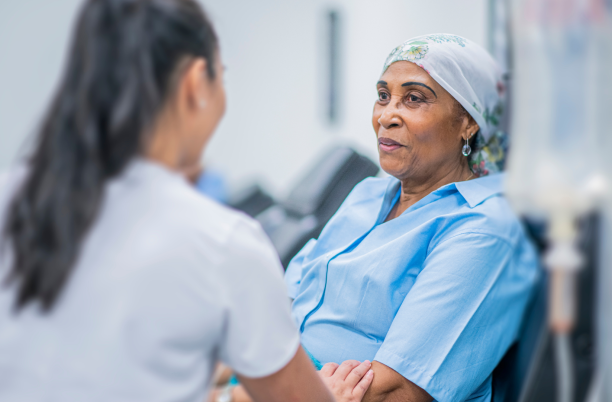 Hospice UK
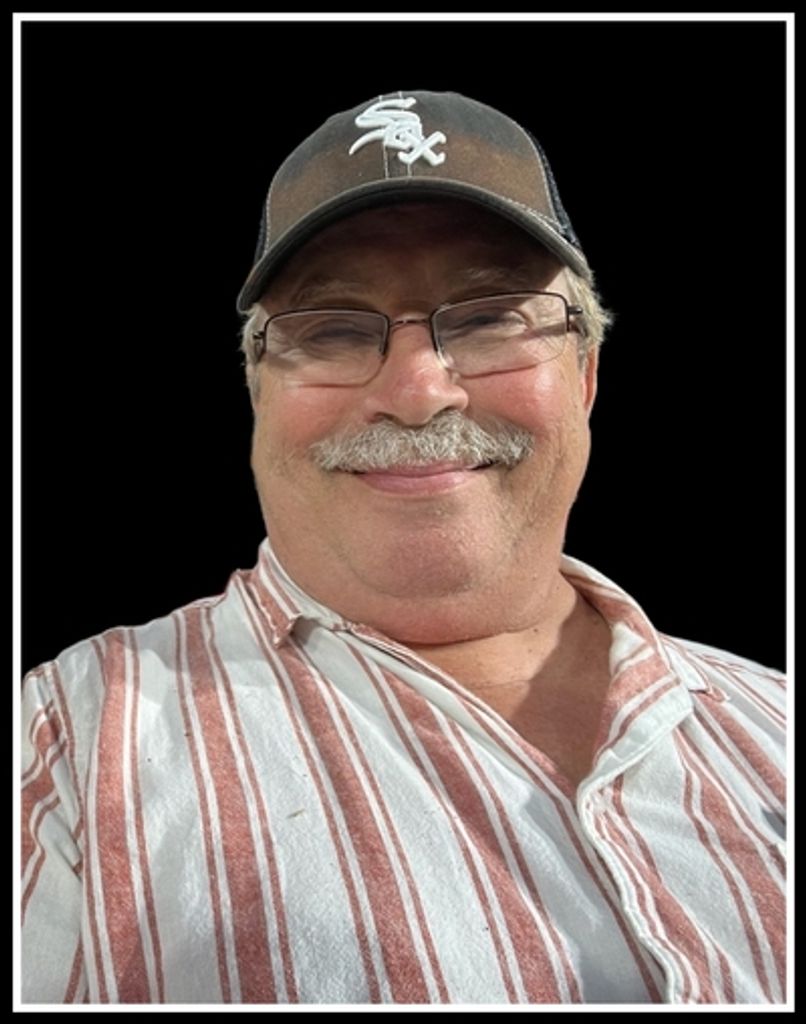 James S. Chrysokos Profile Photo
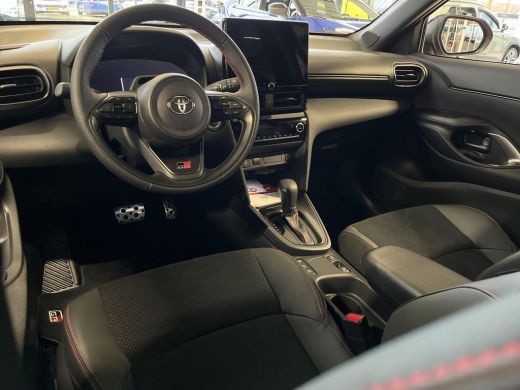 Toyota Yaris Cross 1.5 Hybrid 130 GR SPORT | Chrome pack | &euro; 2.000 extra inruilwaarde | ActivLease financial lease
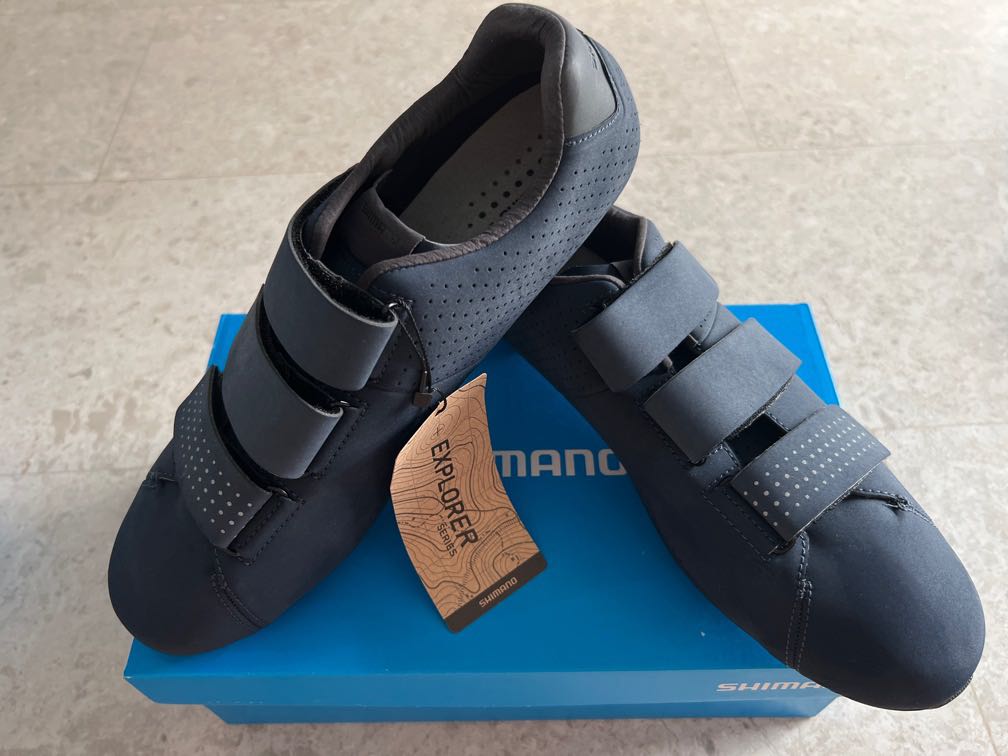 Shimano rt5 spd touring shoes store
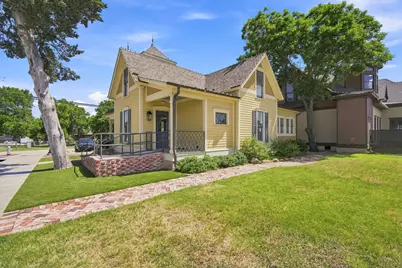302 E Avenue F, Midlothian, TX 76065 - Photo 22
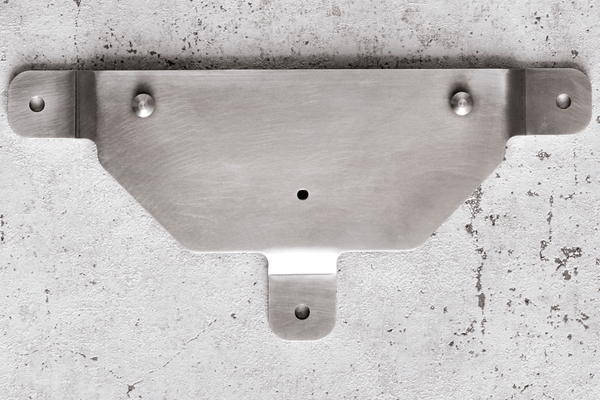 STABEAU® Wandmontagehalterung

= = = = = = =

#### Work request
The full listing, reproduced exactly and without pictures, is the expected output.

#### Response to the exercise
 Hospice UK
 James S. Chrysokos Profile Photo
 Toyota Yaris Cross 1.5 Hybrid 130 GR SPORT | Chrome pack | &euro; 2.000 extra inruilwaarde | ActivLease financial lease
 Shimano rt5 spd touring shoes store
302 E Avenue F, Midlothian, TX 76065 - Photo 22
 STABEAU® Wandmontagehalterung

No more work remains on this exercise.